On March 4, 2010, Finance Minister James Flaherty presented Canada’s 2010 Federal Budget. This budget confirms the government’s intention to provide an additional $19 billion in new federal stimulus spending under Canada’s Economic Action Plan, further investment in initiatives to create jobs and a commitment to balance Canada’s finances.
From a commodity tax perspective, the budget contains several new measures and reaffirms a number of initiatives that were previously announced.
Purely cosmetic health care procedures, including related goods and services, are not considered to be basic health care services and, therefore, are subject to tax. The government has proposed amendments to clarify its position on cosmetic procedures, effective for supplies made after March 4, 2010 and for supplies made on or before March 4, 2010, where the supplier collected or remitted GST/HST.
As a result, GST/HST will apply to all purely cosmetic procedures, as well as devices or other goods used or provided with these procedures, and to services related to cosmetic procedures. Procedures generally subject to GST/HST include surgical or non-surgical procedures to enhance a person’s appearance (e.g., liposuction, hair replacement, botox injections, etc.).
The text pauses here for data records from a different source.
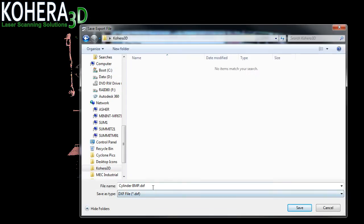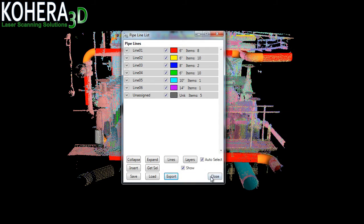Exporting data is simple. We'll open our pipeline list, press the export button, and save our center lines as a DXF, a file format that can be used by most CAD programs, such as SolidWorks, Rhino, Autodesk, and others.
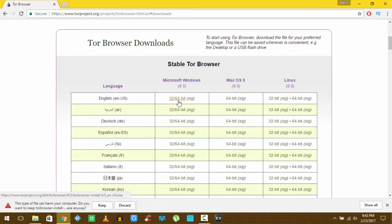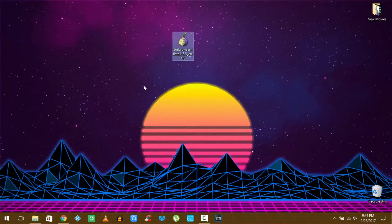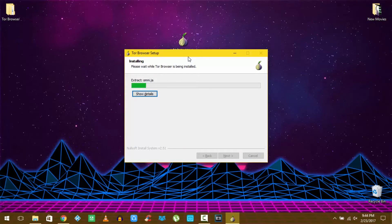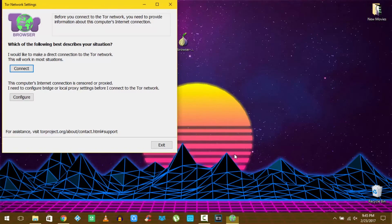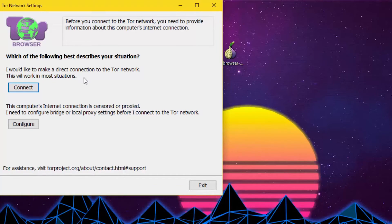Now that the setup file is downloaded, run it as administrator, install the Tor browser bundle and run it. Now this window will pop up. Hit configure if you are on a proxy internet connection, otherwise just connect to the Tor network.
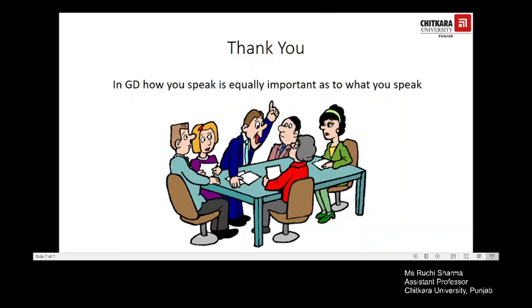I hope you will be able to improve your performance in the next group discussion and prosper in almost every GD you participate in, coming up with flying colors by giving your best performance. Thank you.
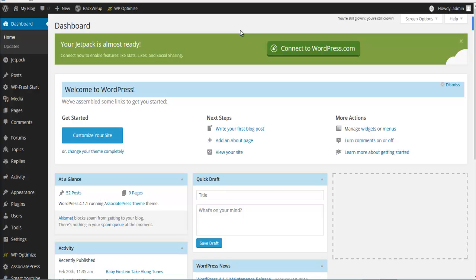For this client, they have installed Associate Press on a subdomain. They wanted to use Associate Press to add Amazon products or to build an Amazon affiliate store, but previously this site was also going to be a ClickBank site. The client doesn't want to lose the ClickBank content but also wants to use it as an Amazon site, so let's take a look at the site.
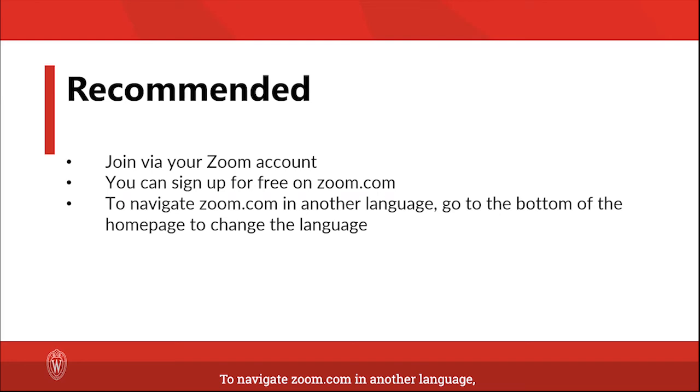To navigate zoom.com in another language, go to the bottom of the homepage to change the language.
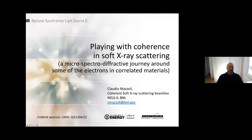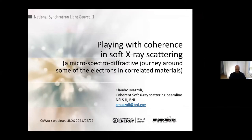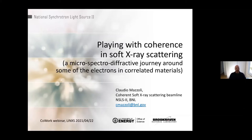Thank you for this kind invitation to this relevant webinar. Unfortunately the pandemic is forcing us into a far presentation — it would be lovely to be in person visiting your beautiful surroundings. I'm here today to talk about playing with coherence in soft x-ray scattering as we do at NSLS2, and to bring you on a micro-spectro-diffractive journey around electrons in correlated materials.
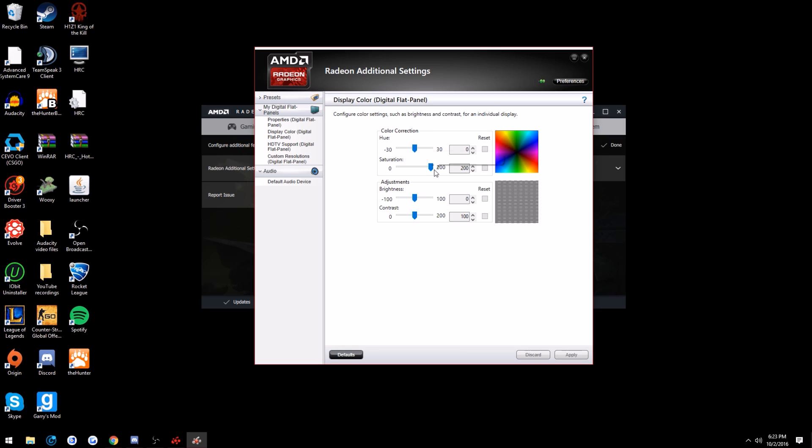But as you can see, it's usually on I think 100, if I can get it there. So this is what it usually looks like. Do you see just how bad this looks? And then I'm just going to slowly go up and you guys can see the huge difference.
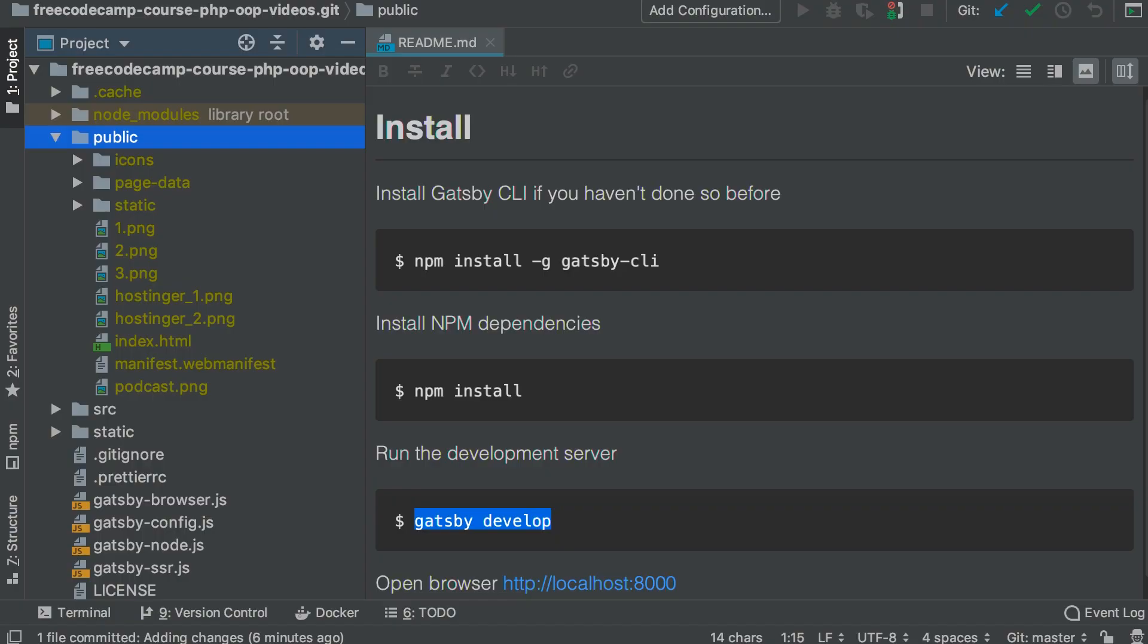One of the differences between development and production modes is that with production, it is a static site. It's being built already. Whereas with development, it's listening to changes that you make to the code. And that's going to update the website in development mode on the fly. Of course, this is actually far slower than having a production ready static site. You shouldn't be using development mode in production at all.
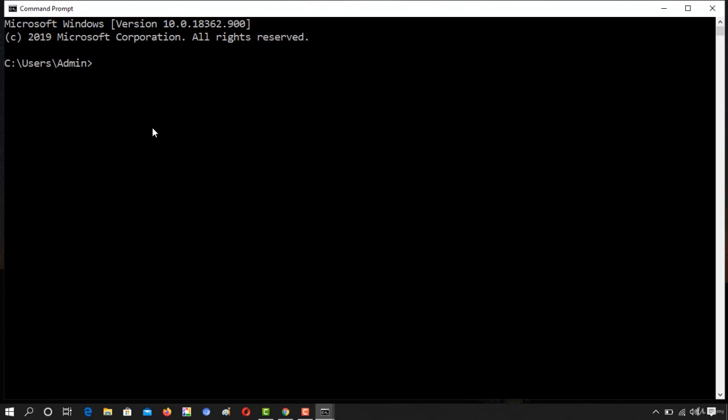So once you have launched the command prompt, type tracert and make sure you have to just type the domain name. Here we are using flipkart.com.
However, cosmetic procedures will continue to be exempt if they are required for medical or reconstructive purposes (e.g., surgery to restructure a deformity resulting from a congenital abnormality, personal injury or trauma, or a disfiguring disease). In addition, cosmetic procedures paid for by a provincial health insurance plan will continue to be exempt.
Simplification for the Direct Selling Industry
The budget reaffirmed the government’s intention to implement proposals to simplify the GST/HST for network sellers by allowing them, subject to certain criteria, to apply for the use of a special GST/HST accounting method, as announced in last year’s budget.
The government also introduced some enhancements and clarifications to the proposed measures, including:
- allowing new network sellers to apply to the Minister of National Revenue (the “Minister”) at any time during a fiscal year for approval to use the special GST/HST accounting method, as long as they have met the qualification criteria and have never before made a supply of a select product;
- clarifying that host gifts provided by a network seller to a host will not be subject to GST/HST;
- and providing a “safety mechanism” for a network seller who does not meet the qualification criterion concerning commissions paid to sales representatives during a fiscal year.
Under the new mechanism, there would be no adjustments to the net tax of a network seller where:
- in the first fiscal year the network seller has failed to meet the requirement that all or substantially all (i.e., 90% or more) of its sales representatives do not have commission revenue exceeding $30,000 provided that at least 80% of the sales representatives do not have commission revenue exceeding the $30,000 threshold in that fiscal year; or
- in the second fiscal year the network seller has failed to meet the above requirement, the network seller has made a request in writing to the Minister, within the first six months of that year, to revoke its approval for the use of the special GST/HST accounting method and that at least 80% of the sales representatives do not have commission revenue exceeding the $30,000 threshold in that second fiscal year.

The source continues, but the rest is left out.